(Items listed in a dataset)
*** Block opens ***

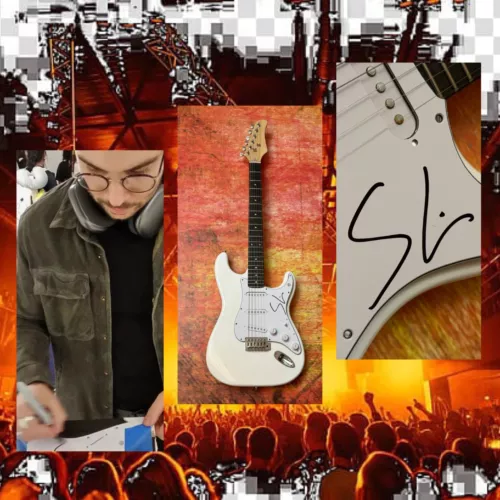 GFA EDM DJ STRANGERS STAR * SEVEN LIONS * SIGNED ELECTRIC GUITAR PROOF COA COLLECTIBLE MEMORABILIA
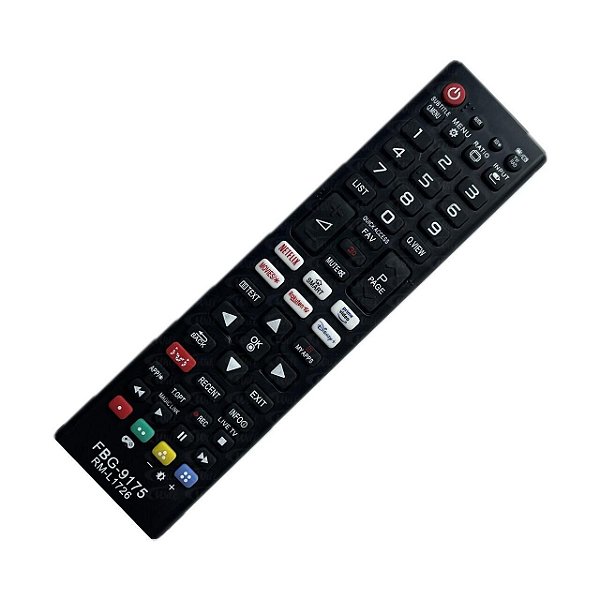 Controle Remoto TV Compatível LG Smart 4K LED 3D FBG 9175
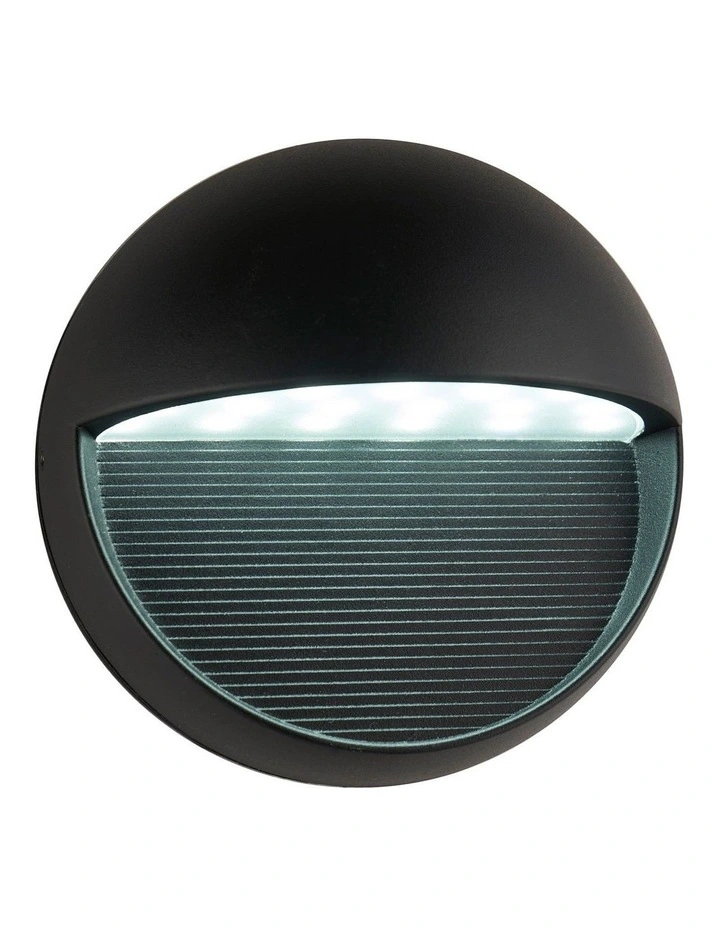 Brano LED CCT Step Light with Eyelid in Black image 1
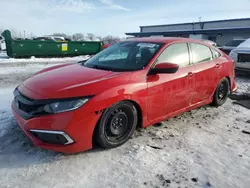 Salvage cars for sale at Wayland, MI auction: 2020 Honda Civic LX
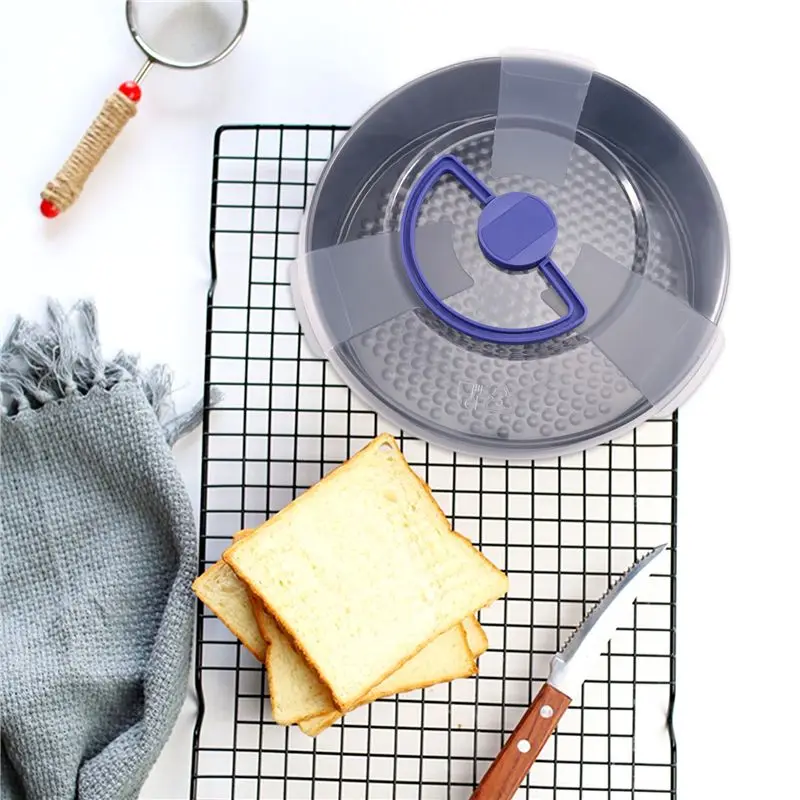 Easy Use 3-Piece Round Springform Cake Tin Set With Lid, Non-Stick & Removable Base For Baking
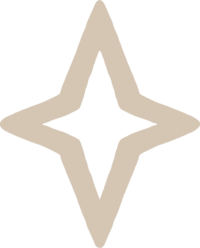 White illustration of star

*** Block closes ***
*** Block opens ***

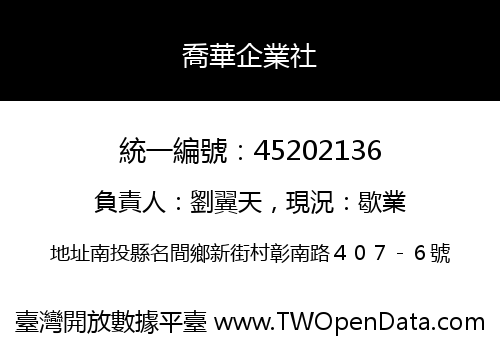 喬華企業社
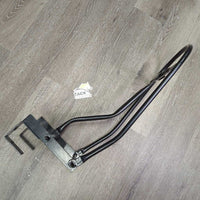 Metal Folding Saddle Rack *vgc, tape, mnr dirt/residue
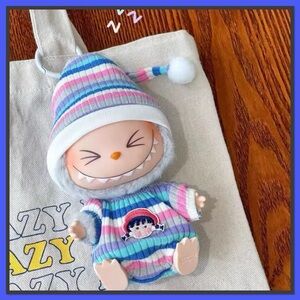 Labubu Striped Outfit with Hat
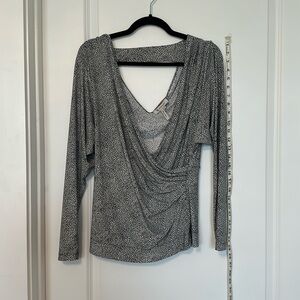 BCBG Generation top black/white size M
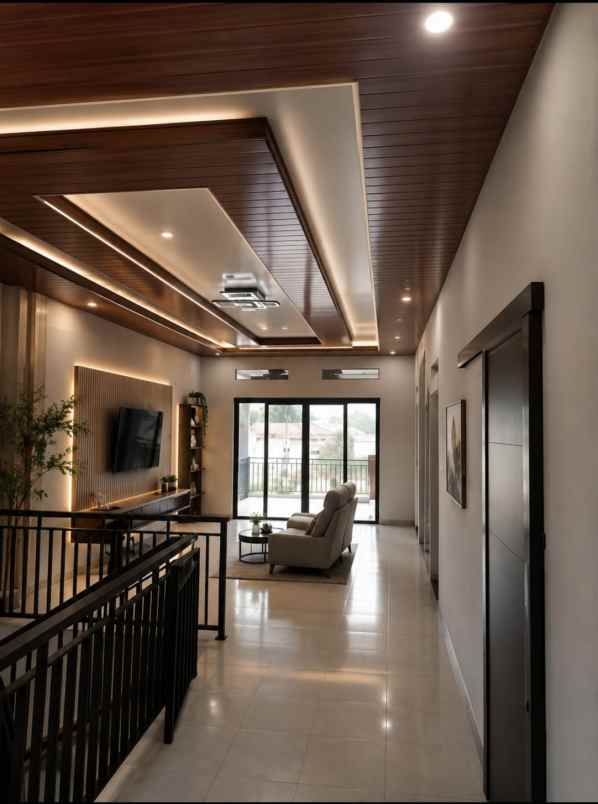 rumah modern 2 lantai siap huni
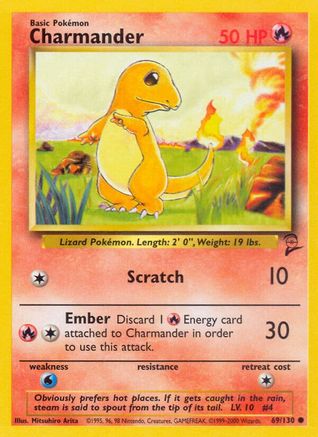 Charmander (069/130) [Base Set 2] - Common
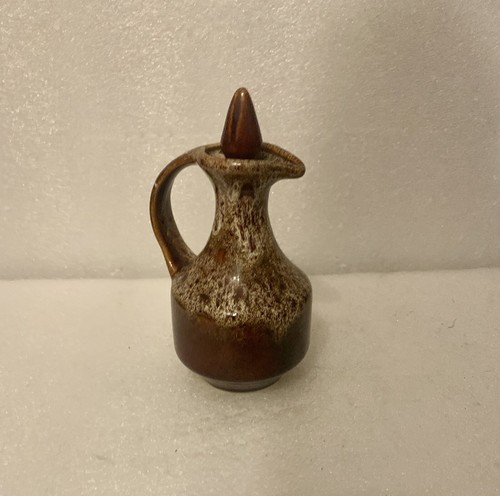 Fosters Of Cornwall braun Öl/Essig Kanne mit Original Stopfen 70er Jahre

*** Block closes ***
*** Block opens ***

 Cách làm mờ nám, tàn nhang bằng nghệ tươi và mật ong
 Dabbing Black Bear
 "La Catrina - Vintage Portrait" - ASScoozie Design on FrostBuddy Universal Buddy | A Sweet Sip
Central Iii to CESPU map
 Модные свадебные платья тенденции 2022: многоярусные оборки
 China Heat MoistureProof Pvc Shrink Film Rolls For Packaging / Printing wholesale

*** Block closes ***

* [What is expected]:
From the line holding "Charmander (069/130) [Base Set 2] - Common" to the line holding "Fosters Of Cornwall", both included, retype the entries above exactly and drop the pictures.

* [Answer below]:
 Charmander (069/130) [Base Set 2] - Common
 Fosters Of Cornwall braun Öl/Essig Kanne mit Original Stopfen 70er Jahre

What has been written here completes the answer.